Even reducing the argument to political terms if approximately 125 million people vote in a presidential election, and every NRA member voted, they would represent only 1% of the ballots cast. Yet enough members of Congress are so intimidated by this group they continue to ignore the disturbing statistics:

29,000 men, women and children a year-- 80 each and every day--die of gunshot wounds ( How many have we lost in Iraq and Afghanstan?) The United States has more deaths as a result of gunshot wounds than Australia, Belgium, Canada, France, Germany, Italy, Japan, Netherlands, Spain, Switzerland or the UK combined; and has hosted more shooting massacres than any other developed country.  We also have the weakest laws among all these nations. The NRA would have us believe there is no correlation between the two. This is an insult to our collective intelligence.
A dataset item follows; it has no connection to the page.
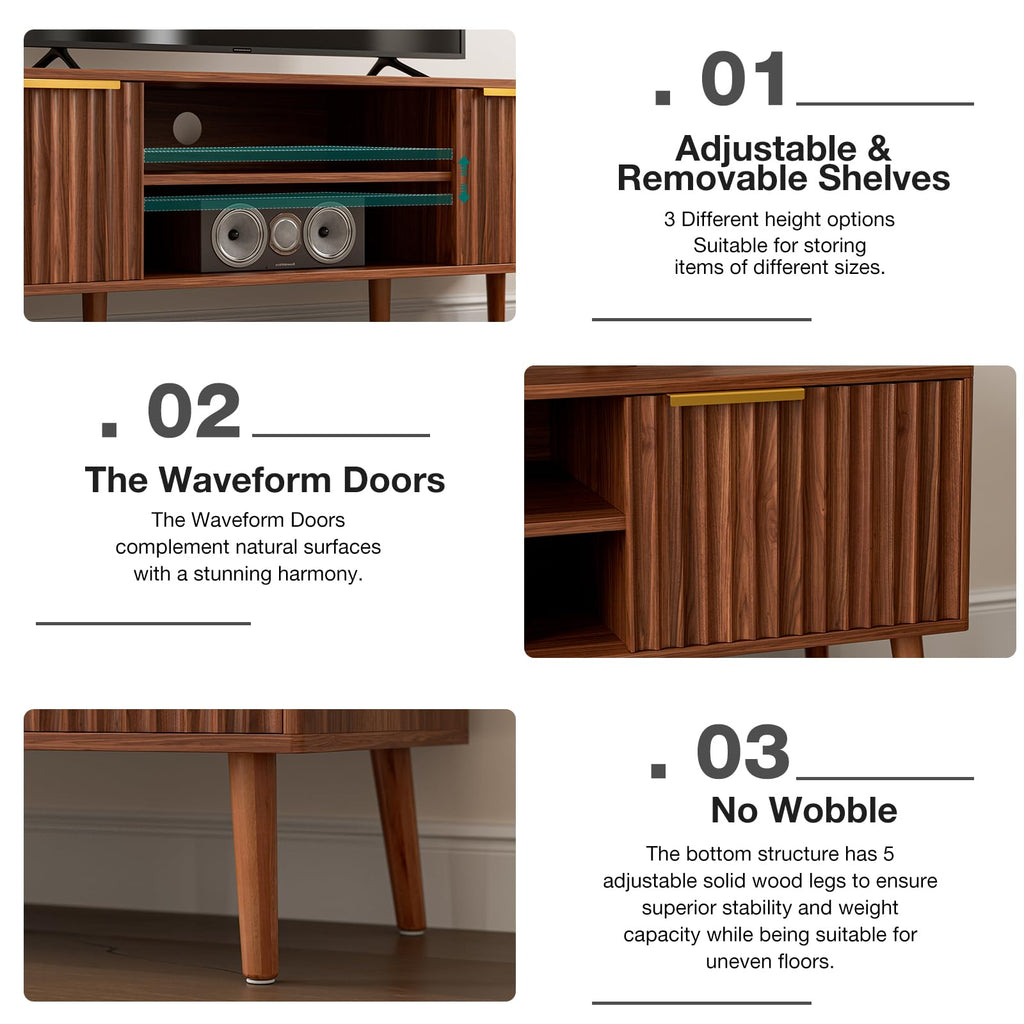 Walnut TV Stand with Fluted Doors U6104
We’re all proud to have the United States first in the world for any area of endeavor, but first in the Western World for the possession of guns? For the possession of assault weapons? For the number of mass murders?  These are distinctions we can live without.



 The time has come for a serious National Debate, town hall discussions throughout the country and a committee empowered to study, collate and report, in clear, understandable form, all the data and statistics available from government agencies and private institutes relating to death by gunfire: how many weapons are produced and sold to individuals; what kind of weapons; where are guns sold; what state laws exist; how many incidents are there, state by state; what kind of gun is involved in each case. Most of this information exists today—it only needs to be pulled together and published in one credible document, but a national debate has been thwarted over and over again: neither President Obama or Mitt Romney are willing to talk about what is, arguably, the most deadly problem facing the United States of America.

It would be hard to find anyone living in this world of war and terror, naïve enough to believe that any laws can be strict enough to totally prevent the kind of violence we have seen in this country. Vaccines don’t prevent 100% of the recipients from getting the disease, but we protect as many people as we can. If, by enforcing our existing laws and enacting new laws governing the sale and purchase of assault weapons we could save one person a day that would be 365  fewer families mourning a lost child or mother or father caught in the riptide of a random shooting. 

We can either go on, year after year, watching friends and neighbors weep as they build homemade memorials to victims of gunfire, or we can face up to the fact we have a national emergency. Whether it’s 3 months before an election or 3 months after—we cannot wait any longer. Now is the only time we have.